But four red states vote to increase the minimum wage: "The passage of minimum wage ballot initiatives in three red-leaning states — Arkansas, Nebraska and South Dakota — and an expected victory in Alaska provided some rare good news to Democrats in desperate need of some. But as a wedge issue, the minimum wage proved a disappointment. The minimum increases won’t improve prospects that Congress will pass President Barack Obama’s proposed federal increase to $10.10, up from the current $7.25."

What Will Republicans Do?

Republicans still face internal civil war, Norm Ornstein tells Salon: "...the story here is a Republican Party still facing almost an existential battle between ... an establishment and more pragmatic wing that believes that if you want to compete for the White House, you’ve got to show a positive agenda and show that you can govern, do some things that work with Obama; and a more radical wing that is reflected by what Ted Cruz said to the Washington Post just a couple of days ago, that now’s the time to flex our right-wing muscles."

GOP still wants to go after Obamacare, notes TNR's Jonathan Cohn: "Several of the ideas have potential to attract some Democratic votes, perhaps enough to clear the filibuster and end up on the president's desk.

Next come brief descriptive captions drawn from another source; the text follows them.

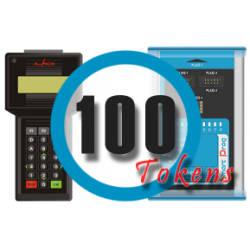 TN100 - 100 Tokenów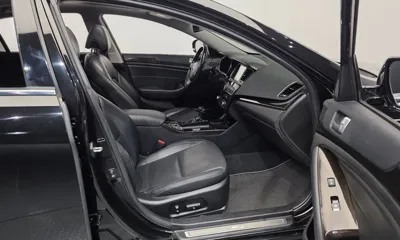 Kia K7 2014, 146407 км, за 6000000 KRW - фото 11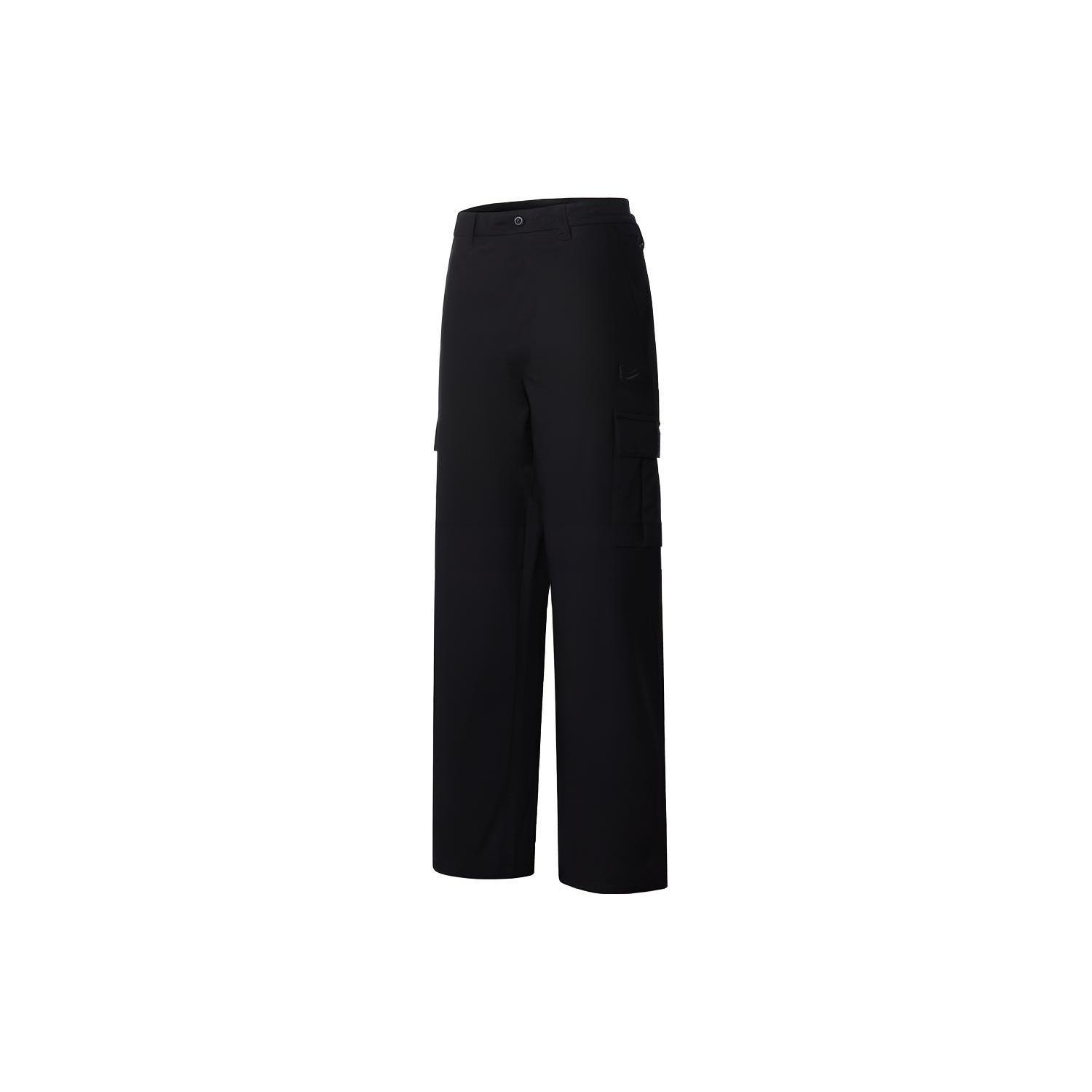 

New Nike Club Knitted Sweatpants Men s Black FZ5766-010 30/32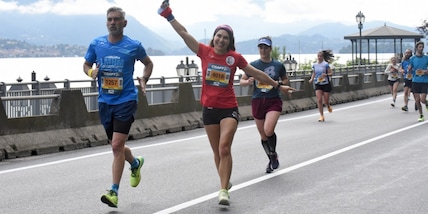 E' la resistenza periferica, non è un errore del nostro orologio.Parola del coach Paci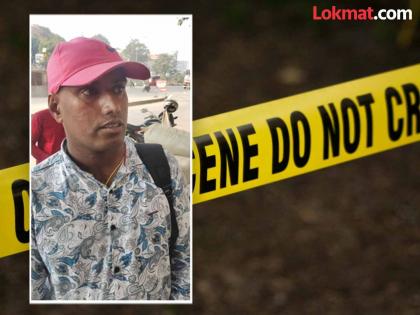 कर्नाटकातील खून प्रकरणातील आरोपी पुण्यात अटक; सहप्रवाशाच्या फोन कॉलने उलगडला गुन्हा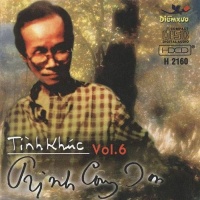 Tình Khúc Trịnh Công Sơn Vol 6 - Various Artists 1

But most of the ideas under discussion would also have negative side effects, like raising the deficit or blatantly helping well-connected lobbying groups. That would give the White House a legitimate reason to veto the measures."

What Should Democrats Do?

Obama "won’t pivot to the right" reports Politico: "Obama will strike a tone of compromise and accountability during his public remarks Wednesday ... 'very willing' to start cutting deals, a senior administration official said, possibly on trade, corporate taxes and patent reform ... At the same time, Obama won’t back down from using his administrative powers, including plans to issue an executive order on immigration that could be the most aggressive unilateral action of his presidency ... 'You can’t lose your base,”'a second senior administration official said. 'There are policy things we are going to have to support where the base isn’t there. But you’ve got to keep your eye on your base.'"

Obama should "double down" argues The Nation's Katrina vanden Heuvel: "[Obama should] immediately try to change the subject, in a big way ... undertaking a quick series of high-profile executive actions on issues that the Republican House has not acted upon, and will never pass ... Start with serious immigration reform ... Cancel the Keystone XL Pipeline ... Meet with China and India on climate issues, before the next round of global climate meetings. Set aside big chunks of public land and ocean ... issue a Good Jobs Executive Order that would reward companies that pay their workers a living wage [and] allow them a voice at the workplace..."

Democrats need a "new agenda," says American Prospect's Harold Meyerson: "A defeat of this magnitude suggests that the Democrats are in the same fix as most of the center-left parties of Europe—parties that purport to be the economic advocates of the middle and working classes, but preside over abysmal economies with no clear sense of how to make them better ... How do they deliver for an embattled middle class in a globalized, de-unionized, far-from-full-employment economy, where workers have lost the power they once wielded to ensure a more equitable distribution of income and wealth? What Democrat, besides Elizabeth Warren, campaigned this year to diminish the sway of the banks?"